About this task:
Set down exactly the lines below between the line holding "Protestas en Santiago" and the line holding "#bandpics #melroseavenue #badass", inclusive; no other line belongs in the answer.

Dataset extract:
--- START ---
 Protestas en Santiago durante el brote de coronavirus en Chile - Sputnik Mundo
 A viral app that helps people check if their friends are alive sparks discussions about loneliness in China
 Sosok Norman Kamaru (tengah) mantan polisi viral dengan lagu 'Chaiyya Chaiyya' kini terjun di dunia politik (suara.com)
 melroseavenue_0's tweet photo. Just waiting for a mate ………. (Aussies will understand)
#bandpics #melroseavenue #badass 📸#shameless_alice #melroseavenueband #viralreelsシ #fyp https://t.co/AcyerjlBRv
--- END ---
--- START ---
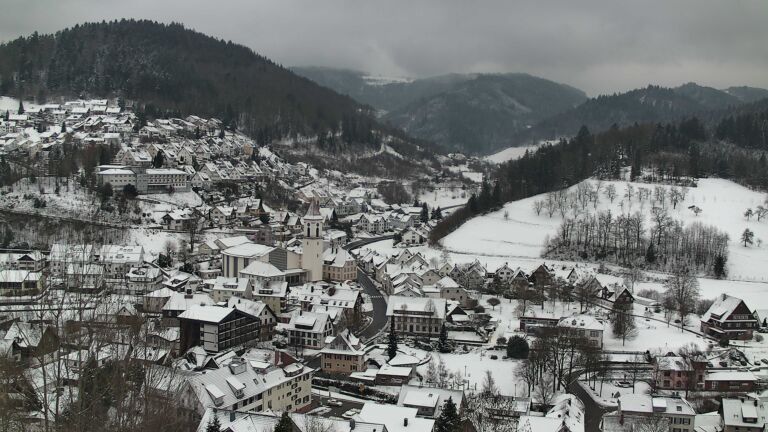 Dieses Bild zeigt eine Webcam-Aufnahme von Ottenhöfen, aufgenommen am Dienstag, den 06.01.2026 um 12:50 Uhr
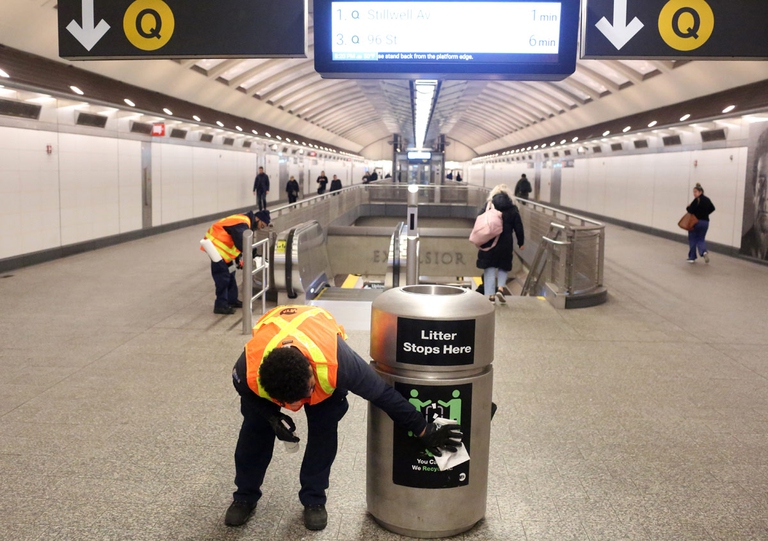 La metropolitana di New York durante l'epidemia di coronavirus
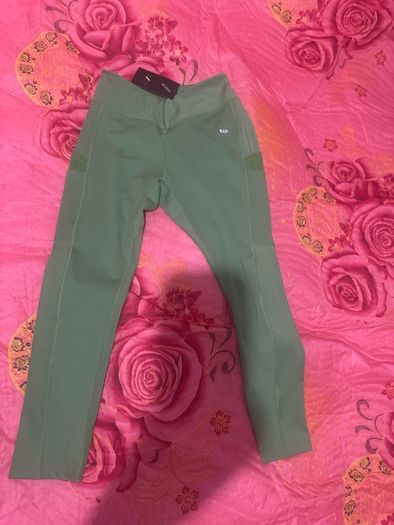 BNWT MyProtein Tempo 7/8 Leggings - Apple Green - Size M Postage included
--- END ---
--- START ---
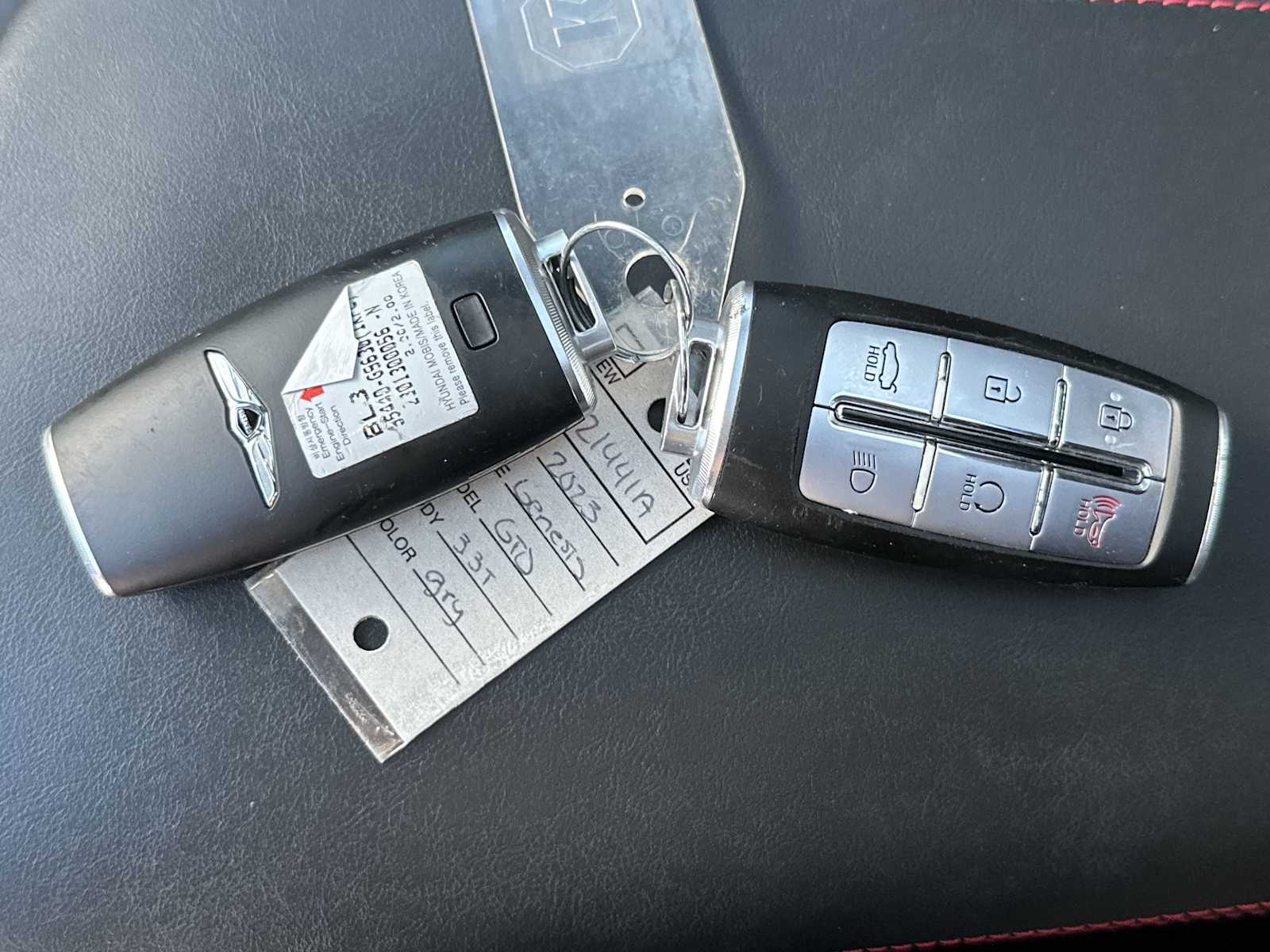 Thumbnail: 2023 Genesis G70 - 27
--- END ---
Result for this task:
 Protestas en Santiago durante el brote de coronavirus en Chile - Sputnik Mundo
 A viral app that helps people check if their friends are alive sparks discussions about loneliness in China
 Sosok Norman Kamaru (tengah) mantan polisi viral dengan lagu 'Chaiyya Chaiyya' kini terjun di dunia politik (suara.com)
 melroseavenue_0's tweet photo. Just waiting for a mate ………. (Aussies will understand)
#bandpics #melroseavenue #badass 📸#shameless_alice #melroseavenueband #viralreelsシ #fyp https://t.co/AcyerjlBRv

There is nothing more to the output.